TASK REQUIREMENTS ▸ In the listing below, find the line containing "Ethereum ETH coin" and the line containing "Collage of women", then copy exactly everything from the first through the second, except the pictures.

DATA FOR THE TASK ▸
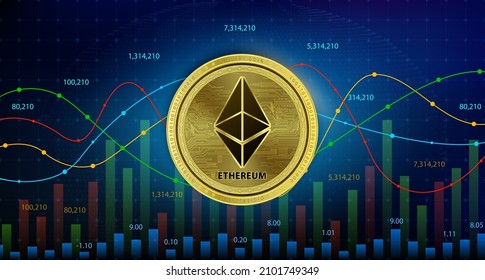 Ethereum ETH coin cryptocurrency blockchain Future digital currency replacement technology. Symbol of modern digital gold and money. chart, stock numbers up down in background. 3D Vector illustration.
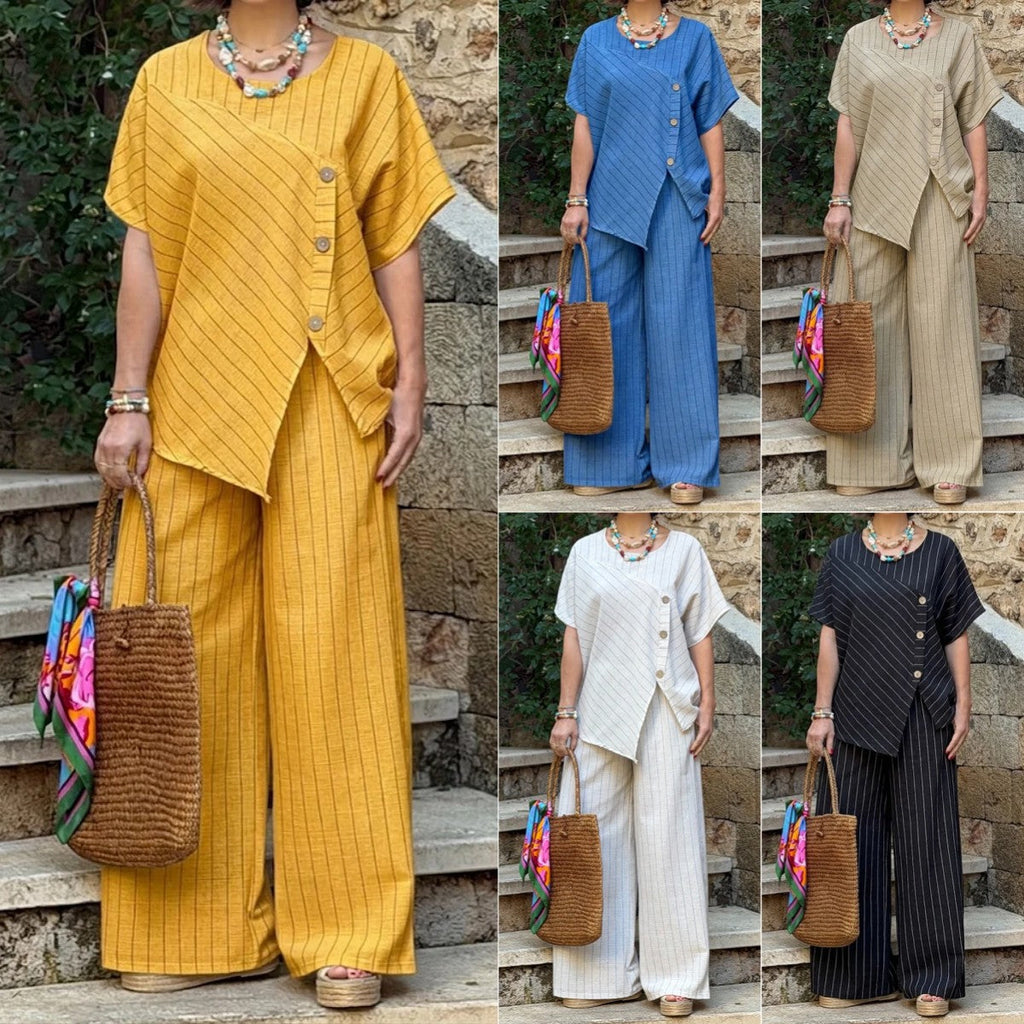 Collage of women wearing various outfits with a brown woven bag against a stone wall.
...
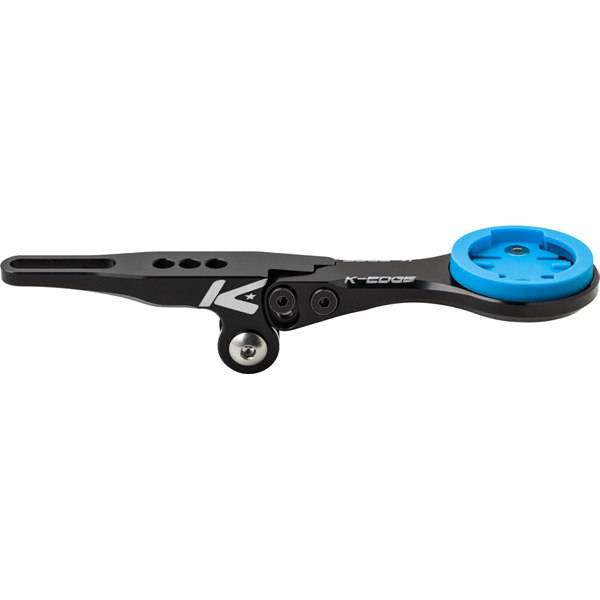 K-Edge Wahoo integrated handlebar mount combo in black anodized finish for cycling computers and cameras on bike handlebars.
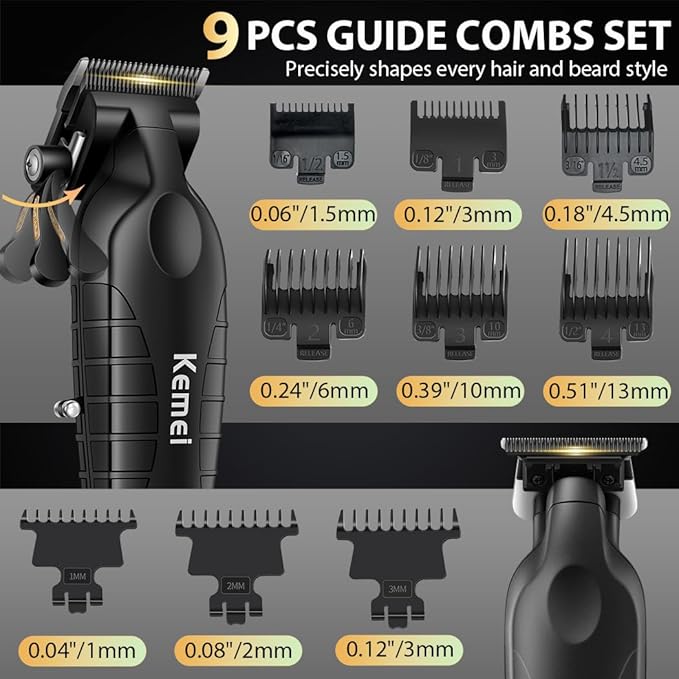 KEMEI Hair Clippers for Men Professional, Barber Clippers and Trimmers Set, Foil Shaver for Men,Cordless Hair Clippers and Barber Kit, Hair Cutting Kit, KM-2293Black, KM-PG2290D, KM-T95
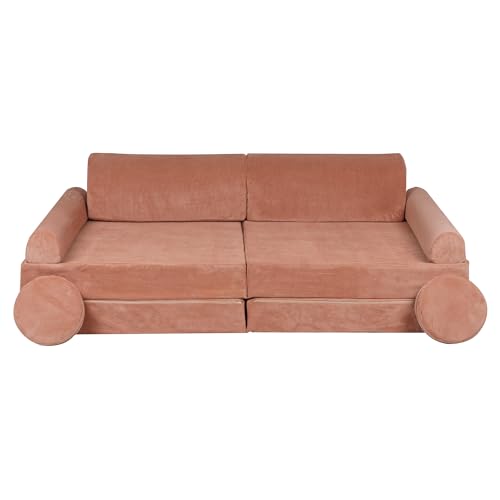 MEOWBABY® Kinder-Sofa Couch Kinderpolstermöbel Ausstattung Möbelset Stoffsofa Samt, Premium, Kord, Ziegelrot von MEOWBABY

FINAL ANSWER ▸
 Ethereum ETH coin cryptocurrency blockchain Future digital currency replacement technology. Symbol of modern digital gold and money. chart, stock numbers up down in background. 3D Vector illustration.
 Collage of women wearing various outfits with a brown woven bag against a stone wall.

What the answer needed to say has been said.